Enhanced H 2 S Gas Detection Using Low-Cost Carbon Loaded CuCrO 2 Nanomaterials

Abstract

Effective monitoring of H 2 S gas is crucial, as inhaling H 2 S poses a significant concern for human health, potentially leading to grave harm or even death. Chemiresistive semiconducting metal oxide (SMO) plays a crucial role in detecting a low concentration of H 2 S, providing early cautioning and ensuring immediate action. To develop affordable Chemiresistive gas sensors guaranteeing no trade-offs in sensitivity and selectivity, ongoing research continues to explore different SMOs, enhancing their performance.
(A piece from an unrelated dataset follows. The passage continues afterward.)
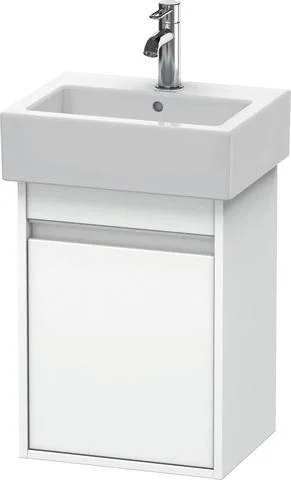 Duravit Ketho Waschtischunterbau wandhängend Weiß Matt 400x320x550 mm - KT6630L1818 KT6630L1818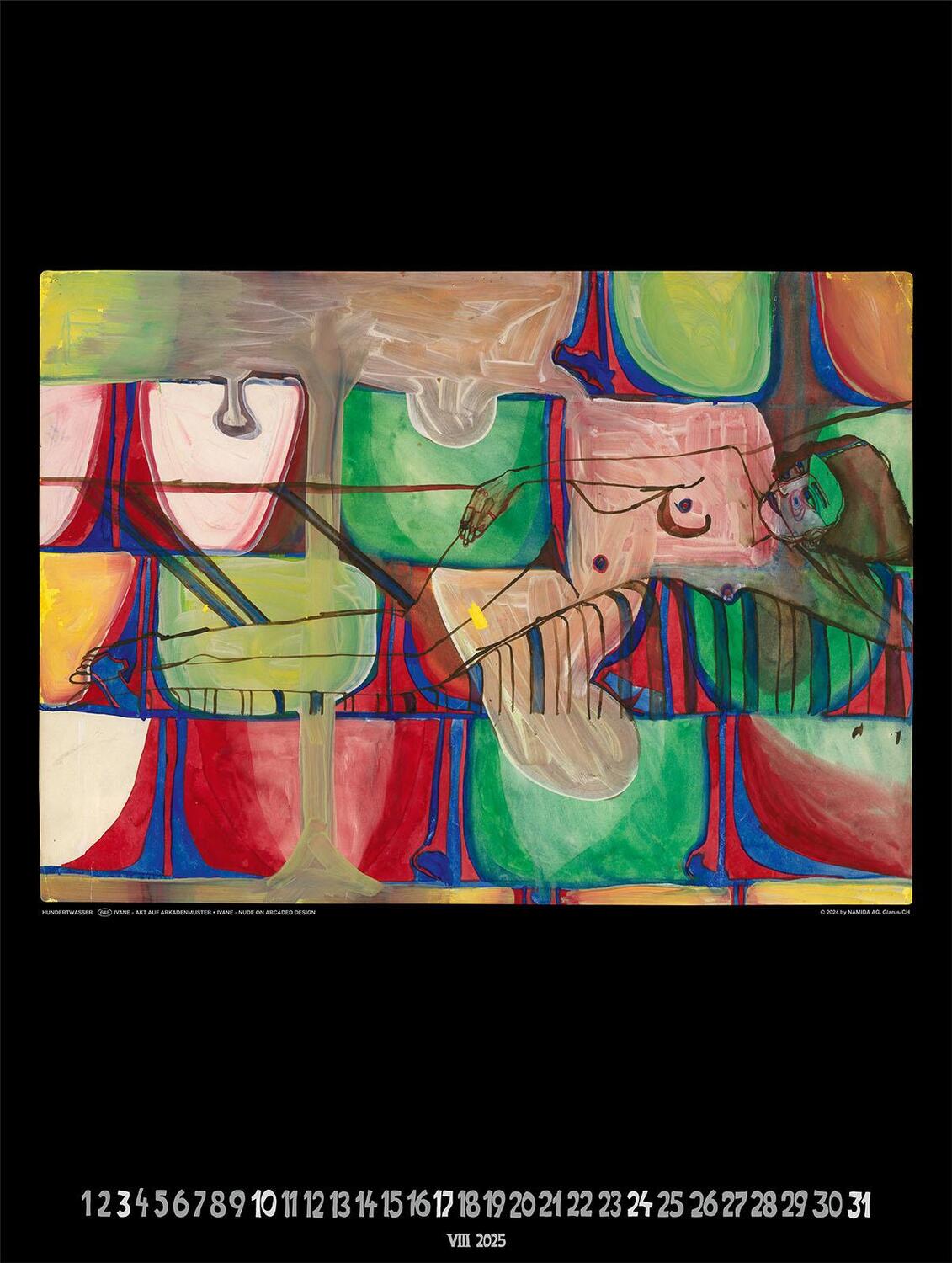 Bild: 9783910430112 | Großer Hundertwasser Art Calendar 2025 | Limited Collectors Edition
This study focuses on leveraging affordable carbon-based nanomaterials in CuCrO 2 to improve H 2 S detection, highlighting the efficacy of candle soot (CS) as an effective carbon source for H 2 S gas. The CS (1.5 wt%) loaded CuCrO 2 provides a large surface area, which results in a relative response of 66.4% and 31% toward 50 ppm and 100 ppb of H 2 S gas, respectively, at 100 °C. The 1.5_CS@ CuCrO 2 gas sensor performs exceptionally well in a highly humid (RH 80%) atmosphere with a detection of 65.9% for 50 ppm of H 2 S gas, despite the hydrophilic nature of candle soot. The first principle Density Functional Theory (DFT) calculations, indicate that the hybrid carbon system can detect H 2 S gas due to its high adsorption energy, charge transfer, and orbital interactions compared to the CuCrO 2 system.